Tetraphobia - Wikipedia

en.wikipedia.org

exquisitechar · Nov 23, 2019

itsmydamnation said:
@int64 , @tamz-msc

How do you people come to this conclusion? You have a SOC that has near 100ms longer memory latency compared to skylake, over 200ms to memory is atrocious (ddr4 2400!) . 2 core Cannon lake doesn't have anything special on the cache front ( exact same config as skylake) yet clock for clock has the same performance as skylake. So unless your assertion is the performance impact of near 100ms of extra access latency is 0 then cannonlake core increased IPC and offset the loss of memory system performance.

Charlie Demerjian also said that the Cannon Lake core increased IPC. It’s just that the implementation we got is underwhelming, as you say.

Richie Rich · Nov 23, 2019

Thunder 57 said:
No, it really isn't. Too bad we have to keep hearing you and others repeat this over and over until it actually comes out.

Here it is, one more time.
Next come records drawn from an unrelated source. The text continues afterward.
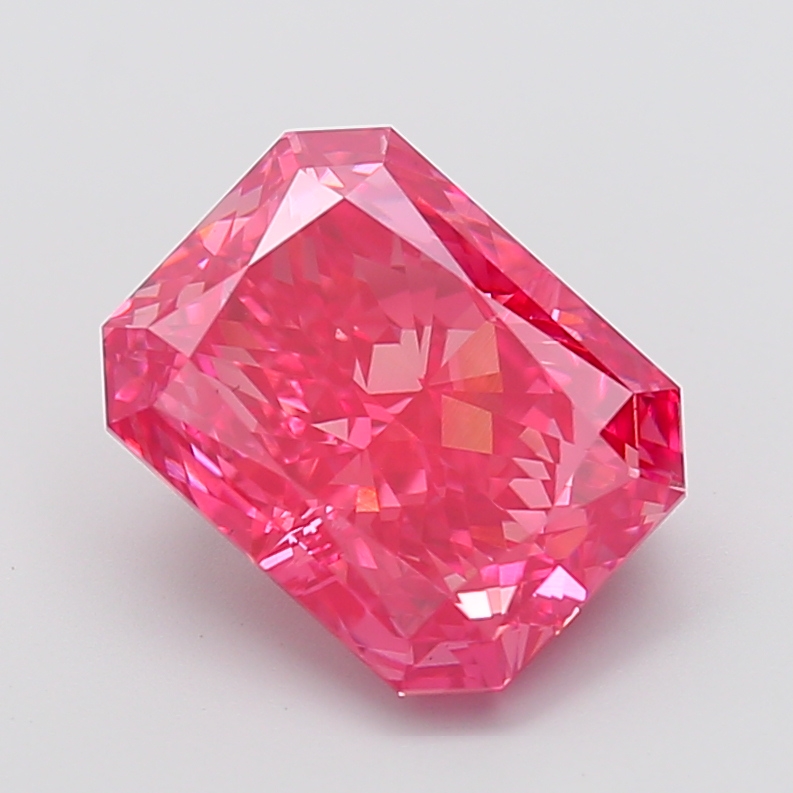 5.53 ct Radiant Fancy Vivid Pink Lab-Grown Diamond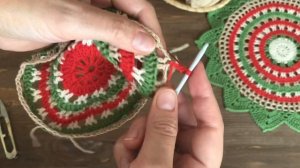 САЛФЕТКА ДЛЯ СЕРВИРОВКИ. ВЯЖЕМ ВМЕСТЕ. Подарки на Новый год своими руками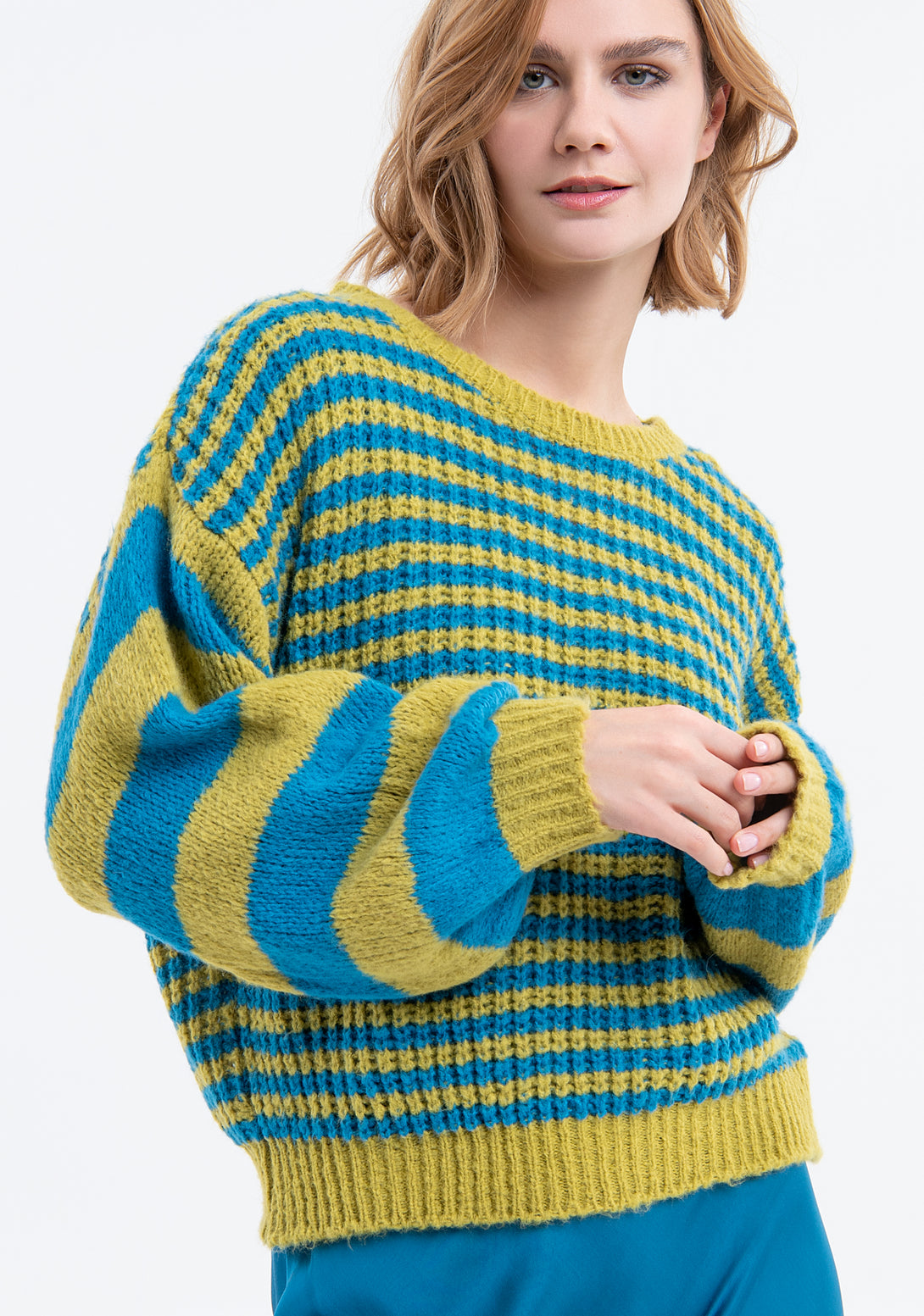 Knitwear over fit with stripes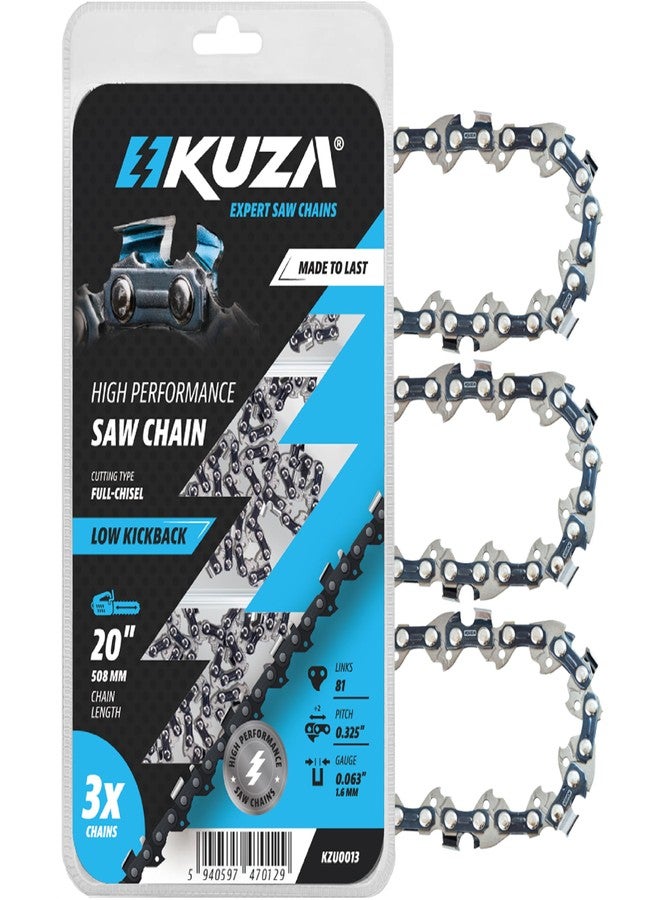 KUZA 3-Chain Pack - Chainsaw Chains- Low Profile - 0.50" / 0.63" Gauge, 0.325 Pitch (81DL-20L-0.63"-0.325 Pitch) - Image 1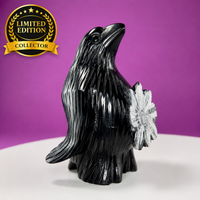 Chrysanthemum Stone Penguin Carving with Natural Flower Formation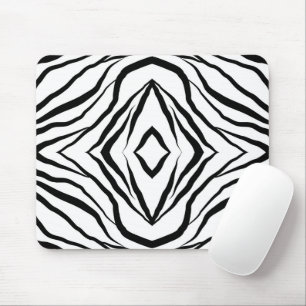 Alfombrilla De Ratón Blanco geométrico sobre rayas de cebra negra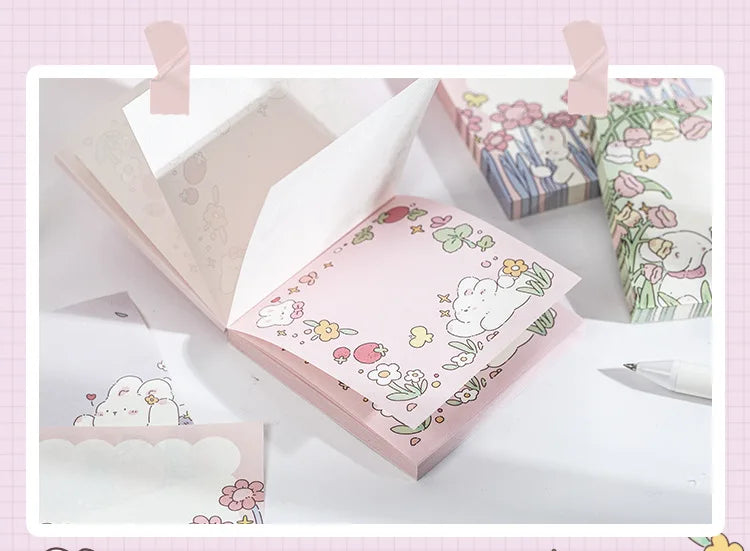 Mr. Paper 100pcs Square Memo Pad - Fresh Floral Decoration for Notes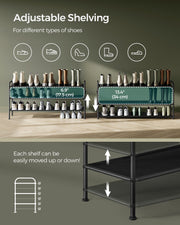 Extra Wide 3 Tier Fabric Shoe Rack with 4 Hooks in Black for Hallway Storage by Songmics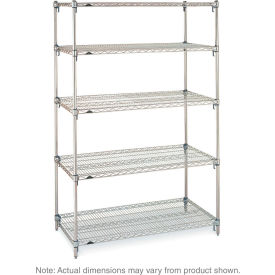 5 Shelf, Chrome Wire Shelving Unit, Starter, 48"W x 24"D x 74"H view 2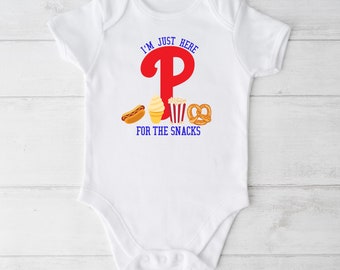 Here for the Snacks SVG PNG Philly Baseball Philadelphia Sports Ball Game Tee Bodysuit Kids Baby Gift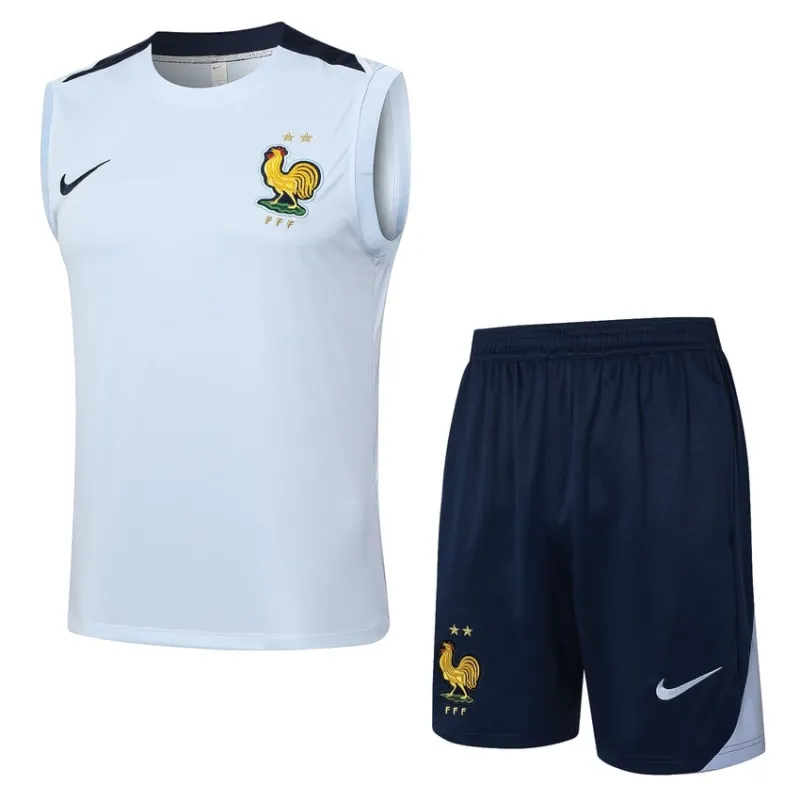 Le gilet et les shorts de l'équipe de France pour la saison 2024/25 - blanc clair.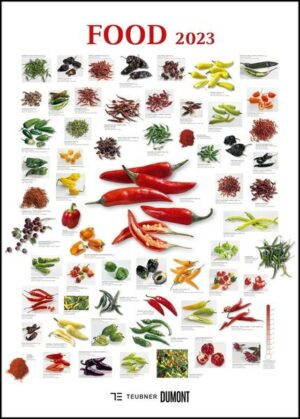 Food 2023 - Bildkalender 50x70 cm - mit kurzen Beschreibungen zu den Obst- und Gemüsesorten - Küchenkalender - Dumont - Posterkalender
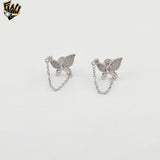(2-3220) 925 Sterling Silver - Butterflies Stud Earrings.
I wish I could print out 1000 copies and tape them all over your home until you get it.

View attachment 13532

Imagine you are AMD employee responsible for creating this slide and you know Zen 3 has SMT4. Your goal is to avoid disclose SMT4 and other significant uarch changes because it is planned to be revealed on spring 2020. So lets assume that disclosing Zen3 SMT4 breakthrough feature during Zen2 presentation is not good idea.

What would you put there? You have simply two options:

- leave it empty (this would mean there is something hidden and provoke even bigger speculations)
- put "2X" (knowing SMT4 CPU can run at SMT2 mode too, so you are not technicaly lying and keeps uarch secrets hidden until oficial Zen3 presentation)

Most people was predicting small changes for Zen3 (something like Zen2+ was expected) which exclude SMT4 (I agree, that's logical and I understand why most people didn't beleive those SMT4 speculations). However now when AMD confirmed Zen3 is completely new uarch things changed up side down. New uarch means opportunity for feature set expansion (6xALUs, SMT4, AVX512 half speed) as a solid base for future iterations of Zen4 and 5. This slide proves that Zen3 will be SMT2 capable but not excluding SMT4. Saying Zen3 has no SMT4 feature for 100% is very extreme opinion (only AMD engineers can say this, silicon matters not letters at some slide).

I'm more Heinrich Schliemann type of guy. He admitted the myth about Troy to be truth and following this he actually found the lost city.

Olikan · Nov 23, 2019

Can disclose CCX unification, but can't SMT4... DUDE...

amrnuke · Nov 23, 2019

Richie Rich said:
Imagine you are AMD employee responsible for creating this slide and you know Zen 3 has SMT4. Your goal is to avoid disclose SMT4 and other significant uarch changes because it is planned to be revealed on spring 2020. So lets assume that disclosing Zen3 SMT4 breakthrough feature during Zen2 presentation is not good idea.

What would you put there? You have simply two options:

- leave it empty (this would mean there is something hidden and provoke even bigger speculations)

- put "2X" (knowing SMT4 CPU can run at SMT2 mode too, so you are not technicaly lying and keeps uarch secrets hidden until oficial Zen3 presentation)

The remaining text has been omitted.